(Source material)

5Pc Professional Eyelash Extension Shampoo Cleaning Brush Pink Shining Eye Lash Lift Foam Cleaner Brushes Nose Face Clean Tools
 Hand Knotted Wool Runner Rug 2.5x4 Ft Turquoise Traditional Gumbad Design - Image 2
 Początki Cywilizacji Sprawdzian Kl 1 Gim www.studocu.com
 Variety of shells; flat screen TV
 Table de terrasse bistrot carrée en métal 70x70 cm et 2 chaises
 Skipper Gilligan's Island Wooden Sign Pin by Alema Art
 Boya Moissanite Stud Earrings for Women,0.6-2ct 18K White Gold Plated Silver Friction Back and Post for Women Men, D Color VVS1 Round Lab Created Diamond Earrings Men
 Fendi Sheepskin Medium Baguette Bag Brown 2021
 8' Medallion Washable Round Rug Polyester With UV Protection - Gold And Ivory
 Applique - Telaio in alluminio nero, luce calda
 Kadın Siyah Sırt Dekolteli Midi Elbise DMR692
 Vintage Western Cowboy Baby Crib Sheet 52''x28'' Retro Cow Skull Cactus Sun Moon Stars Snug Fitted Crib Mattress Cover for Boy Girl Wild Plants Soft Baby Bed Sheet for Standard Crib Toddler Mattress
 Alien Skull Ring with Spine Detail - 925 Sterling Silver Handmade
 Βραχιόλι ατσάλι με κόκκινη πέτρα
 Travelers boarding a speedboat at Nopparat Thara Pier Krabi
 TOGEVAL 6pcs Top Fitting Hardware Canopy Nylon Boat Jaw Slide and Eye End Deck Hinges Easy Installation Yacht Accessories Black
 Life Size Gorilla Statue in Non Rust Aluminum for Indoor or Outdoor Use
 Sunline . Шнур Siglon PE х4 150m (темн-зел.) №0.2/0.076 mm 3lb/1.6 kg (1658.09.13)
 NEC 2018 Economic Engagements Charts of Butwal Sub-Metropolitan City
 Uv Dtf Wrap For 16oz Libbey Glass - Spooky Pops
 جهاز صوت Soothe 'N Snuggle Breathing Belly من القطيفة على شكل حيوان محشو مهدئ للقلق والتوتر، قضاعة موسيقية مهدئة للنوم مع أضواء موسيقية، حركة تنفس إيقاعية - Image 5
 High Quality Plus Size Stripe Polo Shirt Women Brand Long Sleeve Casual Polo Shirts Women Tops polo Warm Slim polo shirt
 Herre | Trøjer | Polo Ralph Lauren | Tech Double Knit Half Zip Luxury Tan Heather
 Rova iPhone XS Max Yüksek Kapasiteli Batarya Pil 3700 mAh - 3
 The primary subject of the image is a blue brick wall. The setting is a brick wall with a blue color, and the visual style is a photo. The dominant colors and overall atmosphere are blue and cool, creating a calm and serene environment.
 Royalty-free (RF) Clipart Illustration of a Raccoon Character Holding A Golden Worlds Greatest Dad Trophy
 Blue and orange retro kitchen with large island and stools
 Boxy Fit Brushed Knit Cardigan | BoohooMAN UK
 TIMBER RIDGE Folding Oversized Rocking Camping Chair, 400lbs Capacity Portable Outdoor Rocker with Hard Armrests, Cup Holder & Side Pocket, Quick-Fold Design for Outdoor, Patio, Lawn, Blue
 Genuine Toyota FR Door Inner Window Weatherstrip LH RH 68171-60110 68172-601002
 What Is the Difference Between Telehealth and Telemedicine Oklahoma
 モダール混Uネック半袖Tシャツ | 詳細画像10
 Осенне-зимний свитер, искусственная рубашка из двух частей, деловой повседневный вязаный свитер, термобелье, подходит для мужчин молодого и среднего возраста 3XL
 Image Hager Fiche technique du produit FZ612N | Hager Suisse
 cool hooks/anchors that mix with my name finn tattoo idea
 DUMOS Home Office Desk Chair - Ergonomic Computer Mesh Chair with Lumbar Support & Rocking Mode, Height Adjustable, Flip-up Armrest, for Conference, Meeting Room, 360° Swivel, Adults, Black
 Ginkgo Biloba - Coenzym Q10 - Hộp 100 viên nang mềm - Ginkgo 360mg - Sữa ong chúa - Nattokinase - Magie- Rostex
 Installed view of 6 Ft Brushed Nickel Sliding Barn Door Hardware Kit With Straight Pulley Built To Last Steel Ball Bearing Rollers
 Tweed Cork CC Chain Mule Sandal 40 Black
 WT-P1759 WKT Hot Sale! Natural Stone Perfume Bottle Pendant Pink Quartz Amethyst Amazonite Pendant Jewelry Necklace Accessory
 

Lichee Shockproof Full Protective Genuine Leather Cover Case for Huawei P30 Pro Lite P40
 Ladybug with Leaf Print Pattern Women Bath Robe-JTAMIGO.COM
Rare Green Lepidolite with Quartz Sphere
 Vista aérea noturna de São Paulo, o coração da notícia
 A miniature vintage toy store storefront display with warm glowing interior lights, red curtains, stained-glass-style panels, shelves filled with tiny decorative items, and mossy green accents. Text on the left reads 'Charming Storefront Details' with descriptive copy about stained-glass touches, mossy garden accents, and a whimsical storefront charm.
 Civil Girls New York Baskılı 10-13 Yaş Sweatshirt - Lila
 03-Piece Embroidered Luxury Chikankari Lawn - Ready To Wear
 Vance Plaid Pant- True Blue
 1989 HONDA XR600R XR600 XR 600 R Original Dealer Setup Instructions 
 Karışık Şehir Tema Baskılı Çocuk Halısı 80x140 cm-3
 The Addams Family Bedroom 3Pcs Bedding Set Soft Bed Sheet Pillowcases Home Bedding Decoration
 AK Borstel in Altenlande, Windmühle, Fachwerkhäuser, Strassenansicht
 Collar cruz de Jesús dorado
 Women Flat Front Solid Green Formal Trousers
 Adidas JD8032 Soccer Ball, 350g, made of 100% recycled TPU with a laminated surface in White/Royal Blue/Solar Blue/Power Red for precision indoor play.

(End Source material)

What to do — Your job is to return all lines above that hold the word "Round".

Your response —
 Boya Moissanite Stud Earrings for Women,0.6-2ct 18K White Gold Plated Silver Friction Back and Post for Women Men, D Color VVS1 Round Lab Created Diamond Earrings Men
 8' Medallion Washable Round Rug Polyester With UV Protection - Gold And Ivory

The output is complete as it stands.